BEGIN RECORD EXTRACTS

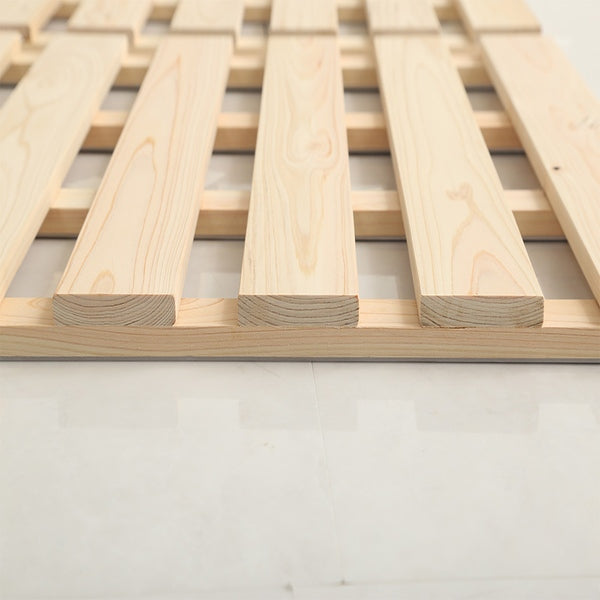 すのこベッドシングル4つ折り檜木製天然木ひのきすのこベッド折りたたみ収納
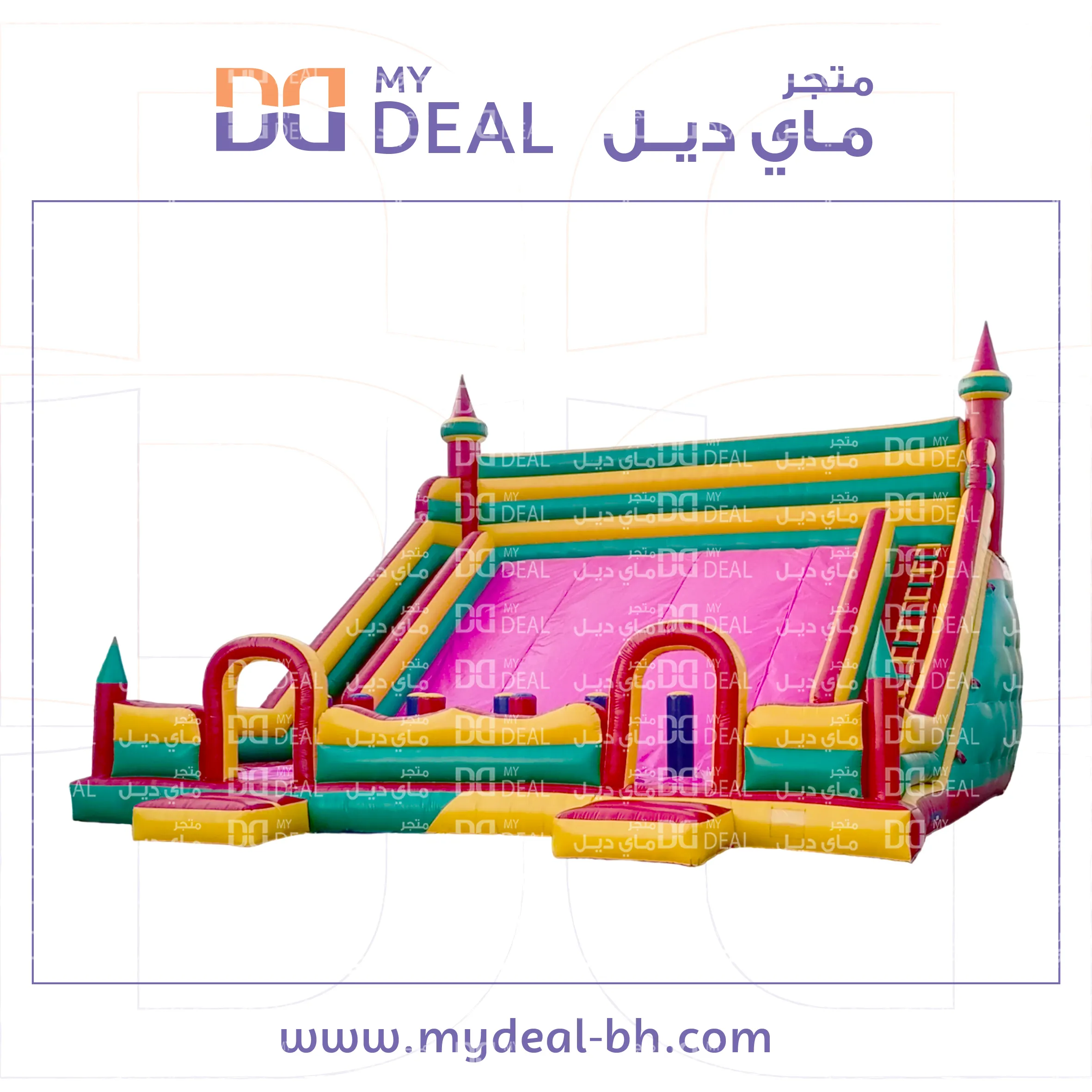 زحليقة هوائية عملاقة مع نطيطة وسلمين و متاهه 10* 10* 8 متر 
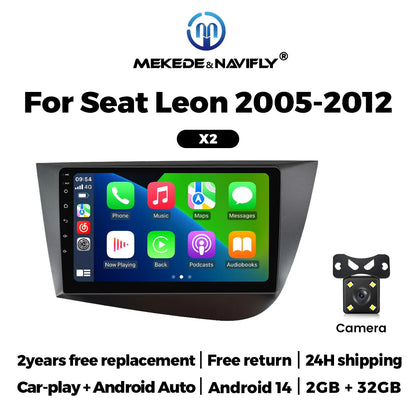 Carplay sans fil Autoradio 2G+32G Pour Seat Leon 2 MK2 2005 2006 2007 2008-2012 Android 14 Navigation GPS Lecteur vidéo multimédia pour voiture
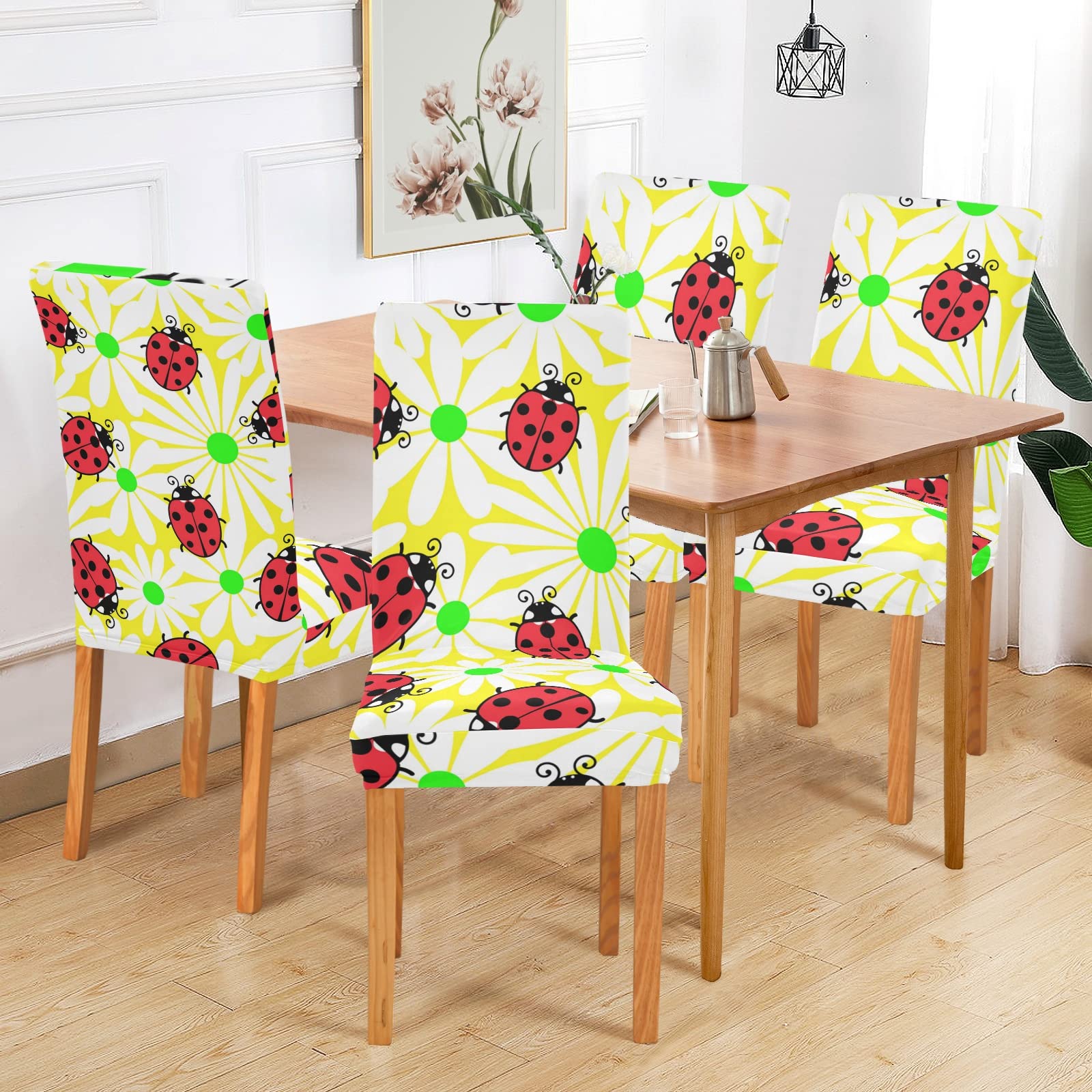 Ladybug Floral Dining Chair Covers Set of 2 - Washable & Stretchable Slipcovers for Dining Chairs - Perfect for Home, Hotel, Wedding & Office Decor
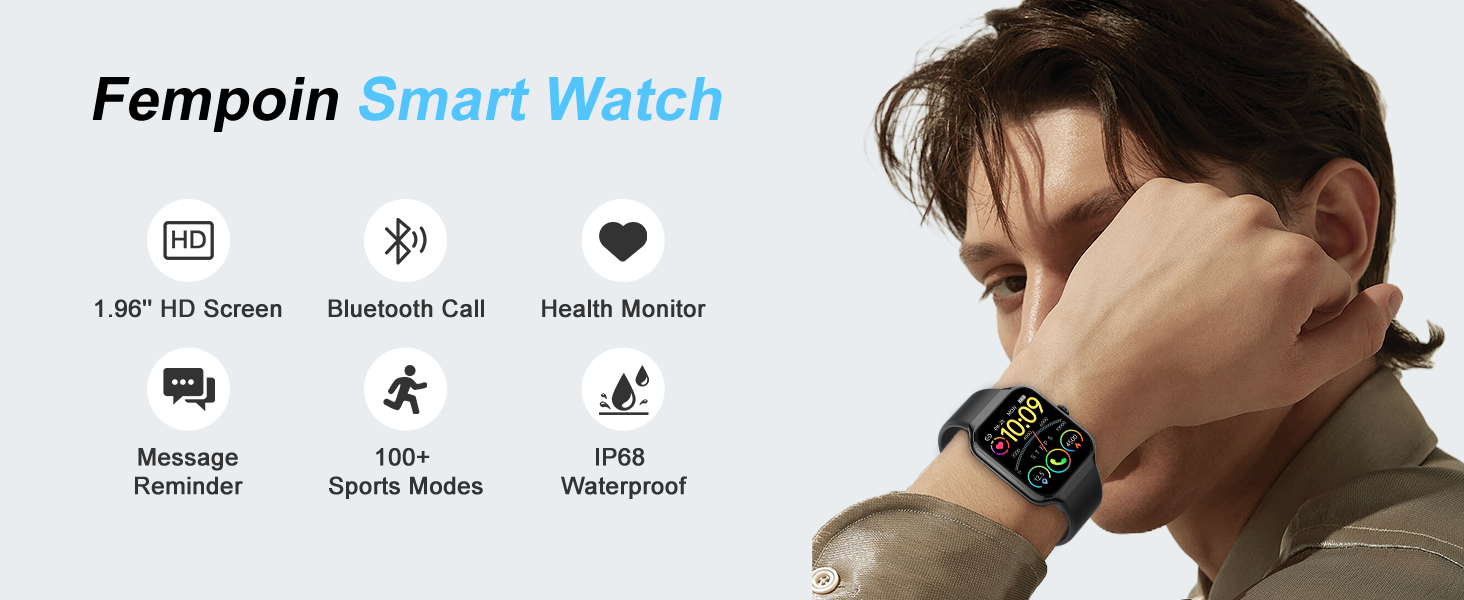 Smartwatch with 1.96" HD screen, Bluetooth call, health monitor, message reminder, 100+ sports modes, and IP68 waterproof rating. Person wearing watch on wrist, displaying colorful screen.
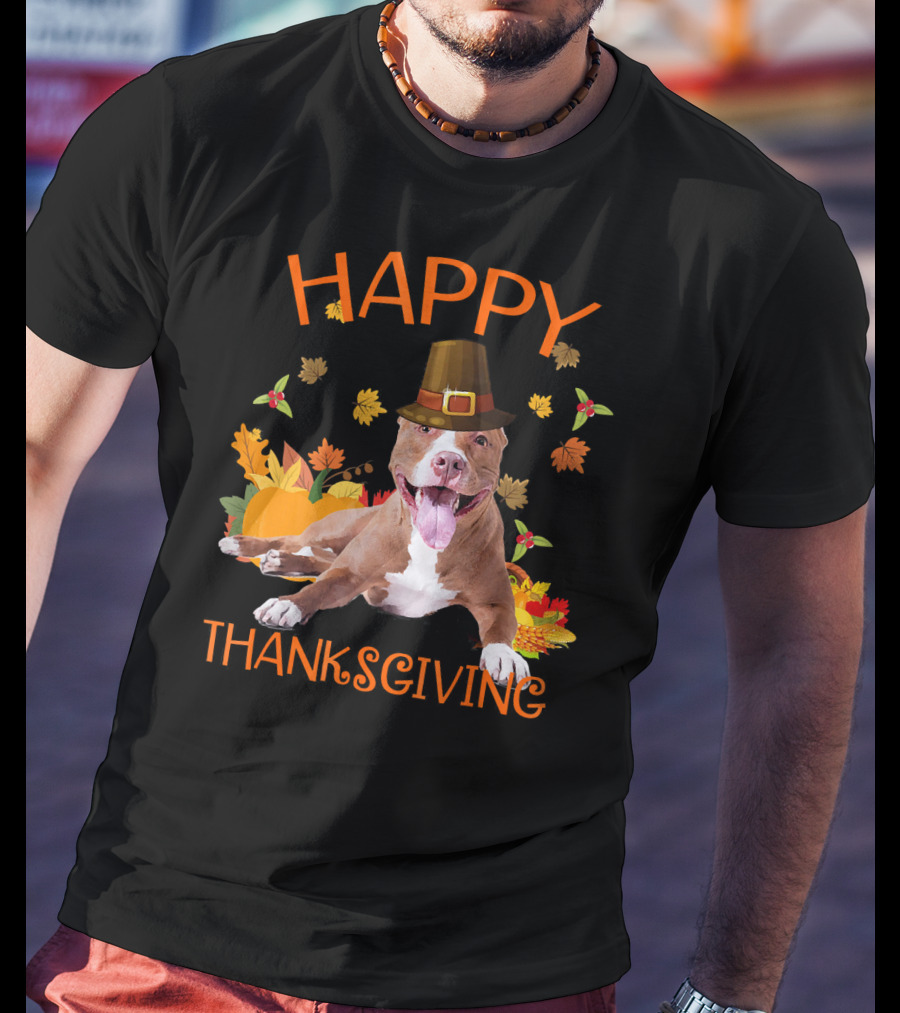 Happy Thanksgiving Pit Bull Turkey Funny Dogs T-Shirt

END RECORD EXTRACTS

> [EXERCISE INSTRUCTIONS] All the records above must be retyped exactly, except for their pictures.

> [SOLVED EXERCISE]
 すのこベッドシングル4つ折り檜木製天然木ひのきすのこベッド折りたたみ収納
 زحليقة هوائية عملاقة مع نطيطة وسلمين و متاهه 10* 10* 8 متر 
 Carplay sans fil Autoradio 2G+32G Pour Seat Leon 2 MK2 2005 2006 2007 2008-2012 Android 14 Navigation GPS Lecteur vidéo multimédia pour voiture
 Ladybug Floral Dining Chair Covers Set of 2 - Washable & Stretchable Slipcovers for Dining Chairs - Perfect for Home, Hotel, Wedding & Office Decor
 Smartwatch with 1.96" HD screen, Bluetooth call, health monitor, message reminder, 100+ sports modes, and IP68 waterproof rating. Person wearing watch on wrist, displaying colorful screen.
 Happy Thanksgiving Pit Bull Turkey Funny Dogs T-Shirt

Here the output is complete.